JetStream 3: The Benchmark That Actually Reflects How Modern Web Apps Run

lschvnApril 12, 20266 min read

Benchmarks are only useful if they drive real improvements. And a benchmark that rewards engines for optimizing specifically for itself, rather than for actual applications, becomes counterproductive over time.

That's the core problem JetStream 3 solves. Released last week by engineers from WebKit, Google, and Mozilla, it's the first major revision of the JetStream suite since 2019. The web has changed dramatically in seven years, and the old benchmark had started showing its age in ways that actually hurt performance progress.

The Microbenchmark Trap

The original JetStream 2 scored WebAssembly in two phases: a single-iteration Startup measurement and a longer Runtime measurement. The idea was reasonable when the benchmark was designed, early Wasm adopters were compiling large C and C++ applications (games, codecs) where users would tolerate a one-time startup cost for sustained throughput.

But engines got fast. Really fast. WebKit optimized the Wasm instantiation path so aggressively that for smaller workloads, startup time effectively hit zero milliseconds. And because JetStream 2 used Date.now() for timing, which rounds down, sub-millisecond times registered as 0ms. The scoring formula Score = 5000 / Time then produced infinity.

The team patched this by clamping the score to 5000, but it was a clear signal: the benchmark methodology had outgrown its subject matter. An "infinite" score tells you nothing useful about how an engine handles real workloads. More importantly, a zero startup time in a microbenchmark ignores what happens after instantiation, the actual work your application does.

Unified Scoring for Wasm

JetStream 3 retires the split startup/runtime model and adopts the same methodology used for JavaScript benchmarks. Every Wasm workload now runs across multiple iterations, capturing:

First Iteration: compilation and initial setup
Worst Case Iterations: jank, GC pauses, and tiering spikes
Average Case Iterations: sustained throughput

These are geometrically averaged into a single subtest score, which feeds into the geometric mean of the full benchmark. Engines are now incentivized to optimize the entire lifecycle of a Wasm instance, not just instantiation.

Real Languages, Real Toolchains

JetStream 3's Wasm workloads are compiled from five source languages: C++, C#, Dart, Java, and Kotlin. This reflects how Wasm is actually used in production, not just C++ game engines, but Dart and Kotlin via WasmGC (used by modern web frameworks like Flutter), and Rust for performance-critical modules.
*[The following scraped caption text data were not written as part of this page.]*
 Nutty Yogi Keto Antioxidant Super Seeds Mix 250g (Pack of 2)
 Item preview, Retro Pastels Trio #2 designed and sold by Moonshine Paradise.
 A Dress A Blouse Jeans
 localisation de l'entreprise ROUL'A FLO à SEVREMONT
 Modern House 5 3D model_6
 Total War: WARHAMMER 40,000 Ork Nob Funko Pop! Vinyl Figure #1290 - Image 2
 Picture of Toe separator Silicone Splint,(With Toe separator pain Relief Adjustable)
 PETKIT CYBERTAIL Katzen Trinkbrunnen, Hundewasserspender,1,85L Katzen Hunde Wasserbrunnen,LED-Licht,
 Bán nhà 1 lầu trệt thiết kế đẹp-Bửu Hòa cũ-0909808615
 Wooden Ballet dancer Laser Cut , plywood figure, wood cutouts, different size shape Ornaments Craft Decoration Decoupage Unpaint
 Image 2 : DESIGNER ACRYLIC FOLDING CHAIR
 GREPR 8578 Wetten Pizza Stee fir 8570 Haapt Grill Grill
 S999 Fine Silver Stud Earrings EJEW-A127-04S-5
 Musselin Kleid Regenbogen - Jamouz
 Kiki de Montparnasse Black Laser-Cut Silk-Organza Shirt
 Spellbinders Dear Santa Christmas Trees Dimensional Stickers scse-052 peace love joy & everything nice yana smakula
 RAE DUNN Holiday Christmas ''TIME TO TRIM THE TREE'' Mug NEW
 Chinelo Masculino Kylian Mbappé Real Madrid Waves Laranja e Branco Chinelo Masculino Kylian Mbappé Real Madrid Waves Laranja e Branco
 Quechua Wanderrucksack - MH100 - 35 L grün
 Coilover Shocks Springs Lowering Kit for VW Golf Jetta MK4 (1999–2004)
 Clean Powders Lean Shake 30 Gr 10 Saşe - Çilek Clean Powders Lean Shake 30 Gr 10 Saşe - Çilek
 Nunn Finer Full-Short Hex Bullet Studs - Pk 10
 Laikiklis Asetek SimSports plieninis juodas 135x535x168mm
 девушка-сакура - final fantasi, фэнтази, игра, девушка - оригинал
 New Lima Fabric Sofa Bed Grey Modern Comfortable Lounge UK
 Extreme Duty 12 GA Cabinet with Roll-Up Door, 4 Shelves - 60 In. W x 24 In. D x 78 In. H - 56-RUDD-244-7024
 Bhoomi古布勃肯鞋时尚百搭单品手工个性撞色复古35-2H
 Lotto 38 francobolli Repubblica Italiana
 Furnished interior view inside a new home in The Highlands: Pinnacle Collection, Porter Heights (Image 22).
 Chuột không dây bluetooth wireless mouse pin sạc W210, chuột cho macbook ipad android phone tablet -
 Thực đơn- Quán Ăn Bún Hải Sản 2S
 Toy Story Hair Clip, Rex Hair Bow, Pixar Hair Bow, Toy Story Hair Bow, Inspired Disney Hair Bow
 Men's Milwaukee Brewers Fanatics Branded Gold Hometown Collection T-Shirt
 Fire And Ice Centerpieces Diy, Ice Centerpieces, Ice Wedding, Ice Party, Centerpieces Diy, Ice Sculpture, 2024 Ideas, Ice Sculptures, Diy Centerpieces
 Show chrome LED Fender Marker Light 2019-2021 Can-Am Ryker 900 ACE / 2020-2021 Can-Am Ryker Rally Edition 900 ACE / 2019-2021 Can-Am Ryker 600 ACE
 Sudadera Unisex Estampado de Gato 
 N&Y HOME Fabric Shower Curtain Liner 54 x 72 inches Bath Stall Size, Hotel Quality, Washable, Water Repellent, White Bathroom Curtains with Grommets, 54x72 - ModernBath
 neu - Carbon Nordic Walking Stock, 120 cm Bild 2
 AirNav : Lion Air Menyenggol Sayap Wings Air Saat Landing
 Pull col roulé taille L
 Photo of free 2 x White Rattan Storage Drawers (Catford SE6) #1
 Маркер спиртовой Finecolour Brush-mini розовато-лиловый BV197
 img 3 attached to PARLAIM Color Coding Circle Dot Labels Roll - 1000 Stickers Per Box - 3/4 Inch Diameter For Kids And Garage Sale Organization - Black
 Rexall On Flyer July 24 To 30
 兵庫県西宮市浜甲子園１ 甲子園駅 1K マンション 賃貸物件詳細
The new workloads exercise Wasm features that JetStream 2 barely touched:

WasmGC: garbage-collected heap allocations (structs, arrays) enabling idiomatic patterns from high-level languages
SIMD: single instruction, multiple data for parallel data processing
Exception Handling: structured exception throwing and catching

JavaScript coverage was updated too: Promises and async functions, modern RegExp features, and public/private class fields. Several asm.js workloads were removed, the technology has been superseded by WebAssembly and was distorting the scoring.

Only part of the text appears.